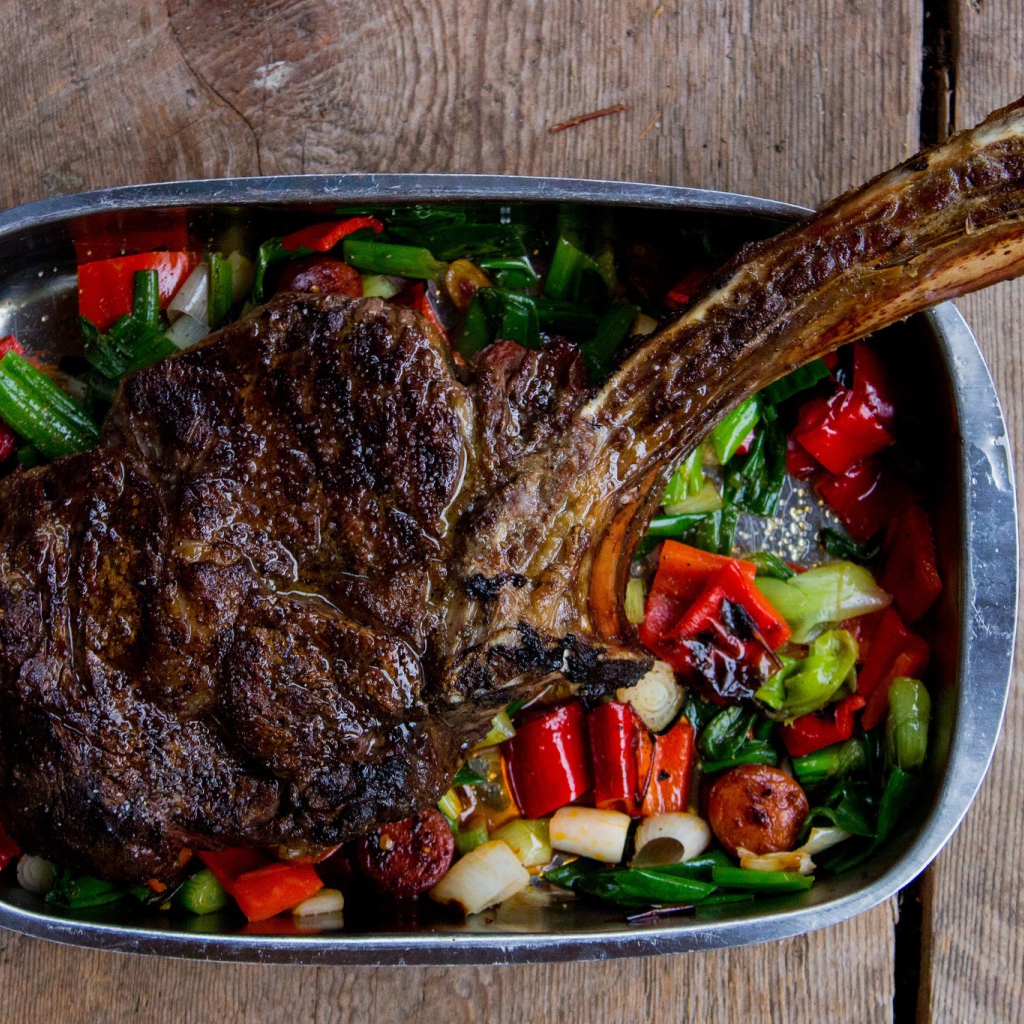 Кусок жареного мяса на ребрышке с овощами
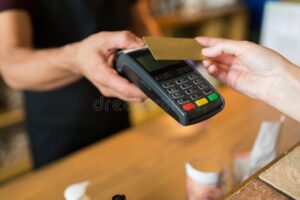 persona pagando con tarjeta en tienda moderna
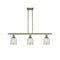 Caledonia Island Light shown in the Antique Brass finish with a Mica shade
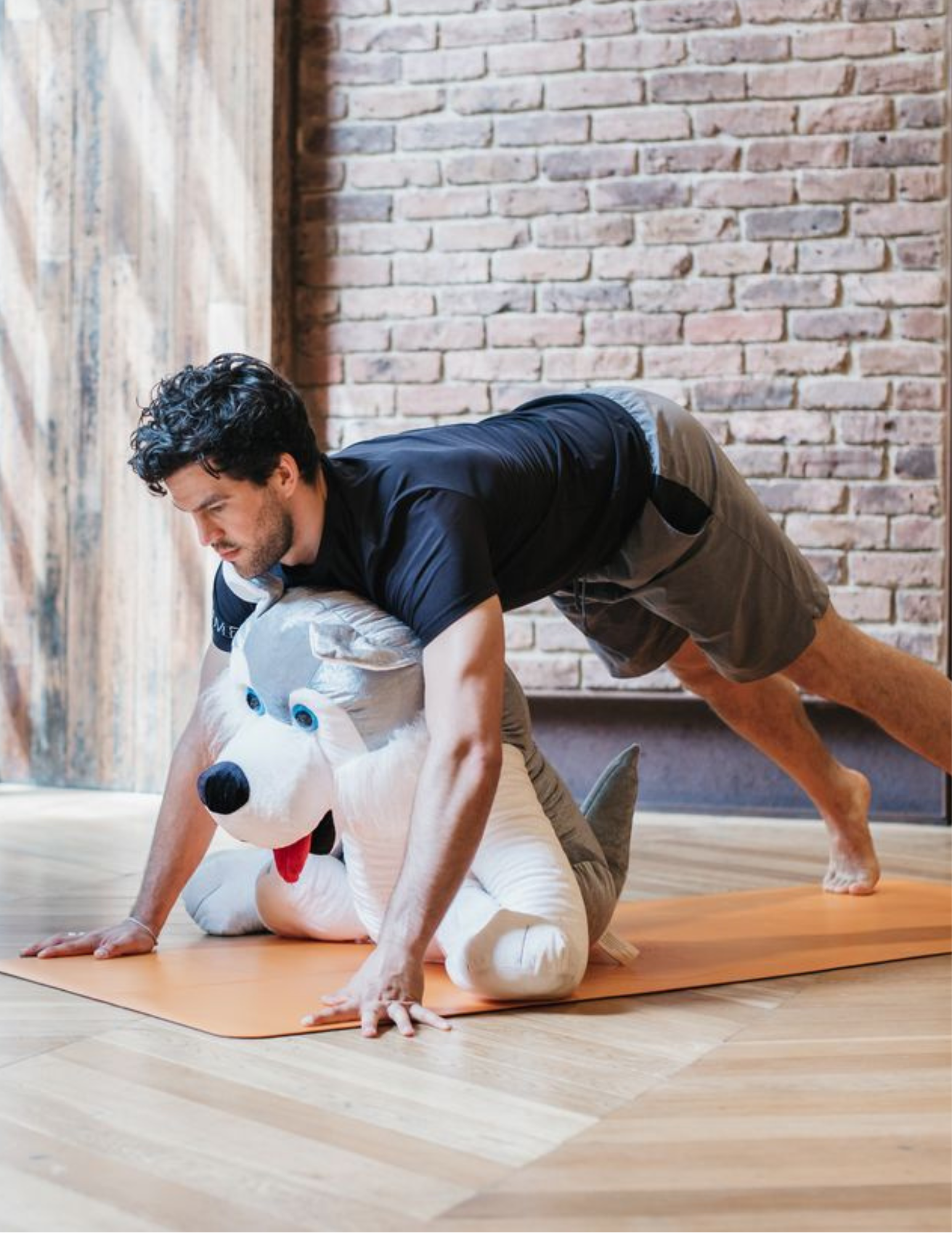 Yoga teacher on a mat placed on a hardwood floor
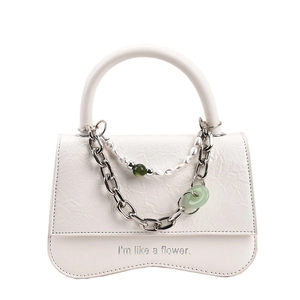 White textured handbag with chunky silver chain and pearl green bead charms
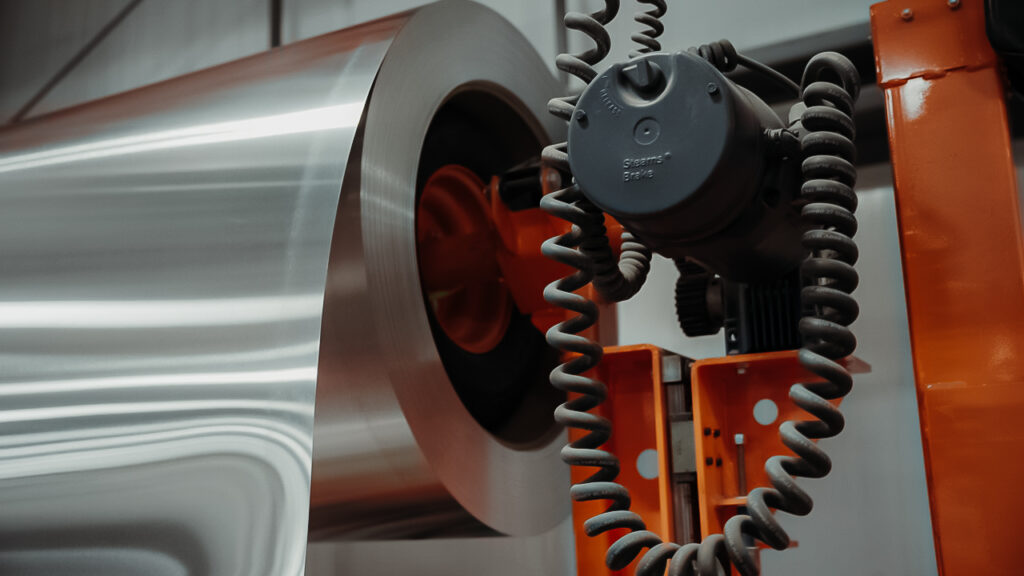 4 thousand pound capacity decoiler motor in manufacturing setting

About this task:
The whole listing should be retyped word for word; none of its pictures belong in the copy.

Exercise solution:
 Кусок жареного мяса на ребрышке с овощами
 persona pagando con tarjeta en tienda moderna
 Caledonia Island Light shown in the Antique Brass finish with a Mica shade
 Yoga teacher on a mat placed on a hardwood floor
 White textured handbag with chunky silver chain and pearl green bead charms
 4 thousand pound capacity decoiler motor in manufacturing setting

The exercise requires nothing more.